The Trump Administration Says Congress Still Needs To Stop Child Separations. But They Can’t Agree On A Plan.

“This is one of the bigger divides I’ve ever seen here.”

Less than an hour after President Donald Trump signed an executive order that he said would stop child separations at the border, Homeland Security Secretary Kirstjen Nielsen told Republicans that the order would not work permanently and it is still up to Congress to fix the issue.

The executive order hinges on asking a judge to change a 1997 settlement agreement that restricts how long children can be detained. Republicans do not expect this to actually succeed said Idaho Rep.

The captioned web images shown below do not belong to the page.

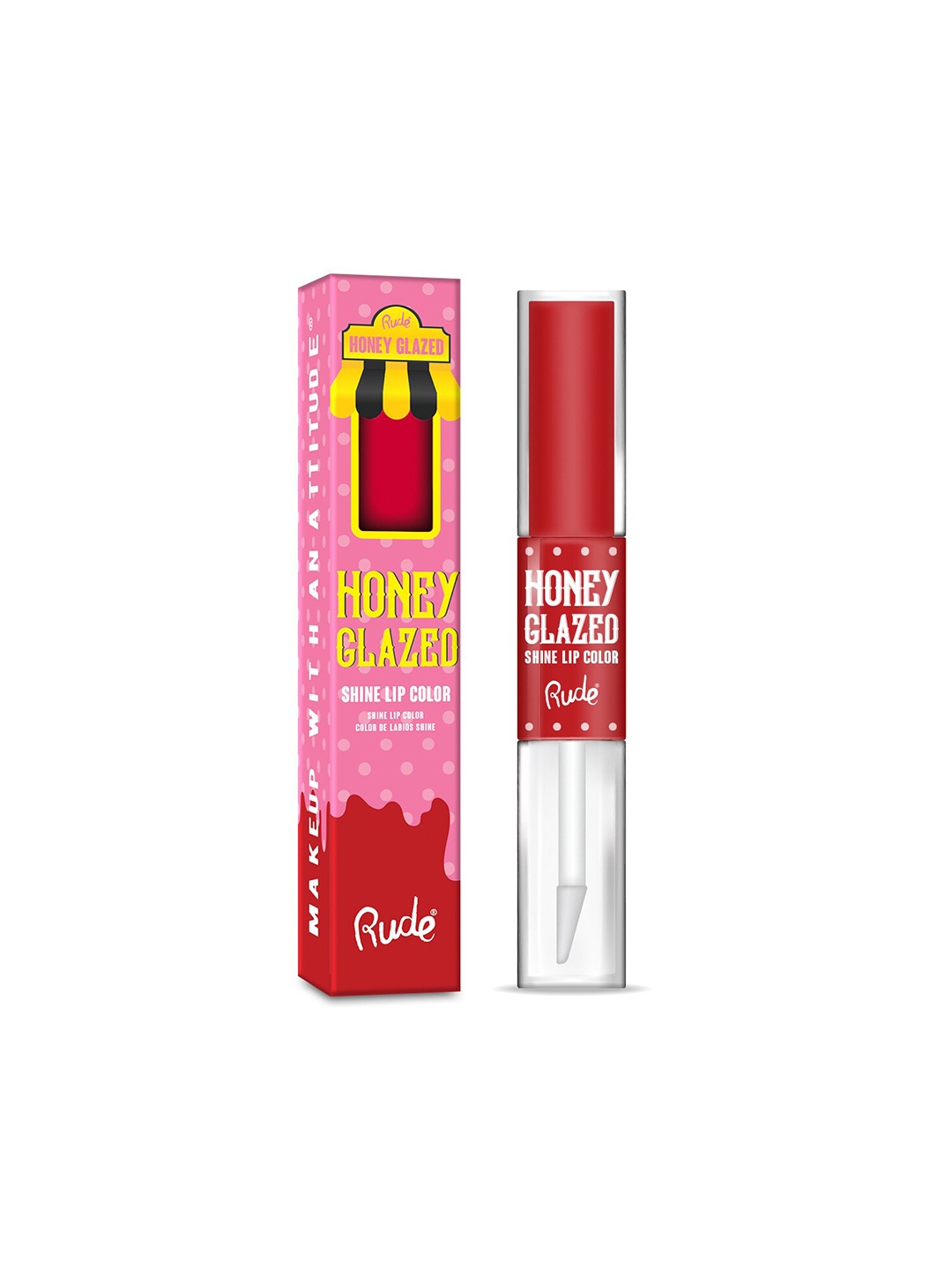 

Rude Cosmetics Honey Glazed Shine Lip Color 3.6 ml - Maple Bacon, Pink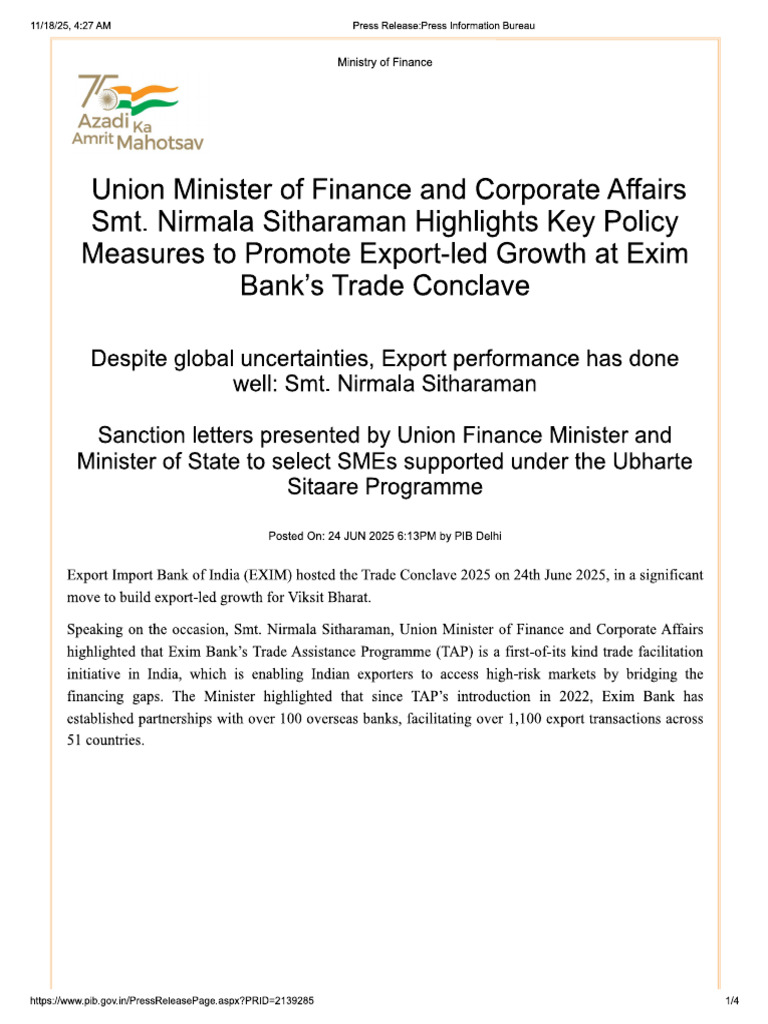 EXIM-PIB | PDF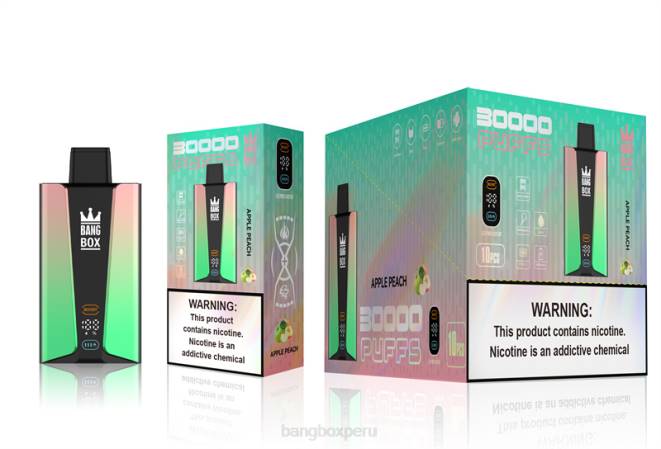 Bang Box Lima 22DR83 durazno manzana | Bang Box Pantalla inteligente de 30000 inhalaciones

Raúl Labrador, but it allows them to detain children and parents together — assuming there are available facilities — for a limited time while Congress tries to find a solution.

“[The executive order] gives us at least some time to deal with it legislatively,” said Labrador. “It’s basically buying a few weeks.”

But there’s one big problem — while Republicans and Democrats agree that children should not be separated from their parents at the border, they wildly disagree on how to fix the problem.

“This is one of the bigger divides I’ve ever seen here,” said Democratic Sen. Chris Coons of Delaware.

Even ahead of Trump’s decision to sign the order, the debate on Capitol Hill had already fallen to partisan gridlock, leaving Congress heading toward a dead end where none of the half dozen proposals members have put together this week become law.

The question dividing politicians is how to keep families together. It’s complicated by past court decisions that prevent the government from keeping children detained in immigrant detention facilities indefinitely (the same legal problem at issue with Trump’s order).

That leaves two options for keeping families together — changing the laws so that children can be kept in custody with their parents for long periods of time, or releasing the entire family from custody.

Both sides are becoming increasingly embittered. Just as Trump was signing the order Wednesday, Senate Majority Whip John Cornyn took to the Senate floor to excoriate the Democratic proposal, calling it a “get-out-of-jail-free card” for adults who cross the border illegally and dubbing it a “zero enforcement program.” Meanwhile, House Minority Whip Steny Hoyer accused House Republicans of “lying” about their proposals in a statement calling legislation in the House an “anti-immigrant bill” that “does not solve the family separation crisis.”

House Republicans are moving forward with an immigration bill that would adopt the first approach, and Trump says he’s on board with it. The so-called “compromise bill” negotiated between Republicans, but with no Democratic input, would effectively attempt to rewrite a legal settlement reached by the Clinton administration in 1997 involving how to humanely detain minors.

If passed both chambers and was signed into law, the bill would allow the US government to hold minors with their parents indefinitely — removing the 20-day time limit on keeping children detained — while also mandating that they must be kept with their parents.

But when a parent claims asylum, it can take months or even as long as two years to have their case resolved. Democrats argue keeping children — and even adults — detained during a wait that long is inhumane. Democratic Senate Whip Dick Durbin said his party would push back hard against removing the legal protections.

“After a decade of bargaining back and forth we came down with some basic standards, humane standards, on the treatment of children. Nielsen and the Trump administration have made it clear they want to get rid of that,” Durbin said. “They’re in for a fight, because that is at the heart of this controversy.”

But Democratic proposals have also failed to gain any traction across the aisle. Notably, a bill from California Sen. Dianne Feinstein is supported by every Democratic senator but not one Republican.

Feinstein’s bill would ban the practice of separating children from their families. But keeping families together isn’t possible in detention facilities. Under the 1997 settlement and a 2016 circuit court of appeals ruling, the government is legally required to move children to the “least restrictive setting” after 20 days of detention. That effectively means the only way to keep the whole family together is to release the parents with them.

That was the approach taken by the Obama administration. Republicans attacked this policy as “catch and release” because once released many families never showed up for their asylum hearings.

“We’ve got to find a way to keep families together and make sure they show up for the hearings,” said Republican Sen. Lindsey Graham. “I don’t know if you put ankle bracelets on people, I don’t know what you do. But the point is a system where people get detained and never show up doesn’t work.”

The Obama administration tried to address the no-show issue with a counseling program that provided legal representation to asylum-seekers. That program improved the turnout rates, but it was shut down by the Trump administration.

It’s not clear what will happen now. Trump’s executive order relies on a court agreeing to make changes to the 1997 settlement in order to keep families together in detention.

Without a fix, members of Congress will have to explain to voters in this fall’s midterm election why children are still being taken away from their parents.

“How can you? How can anyone defend this practice on any grounds?” said Republican Sen. Jeff Flake, who is not running for re-election.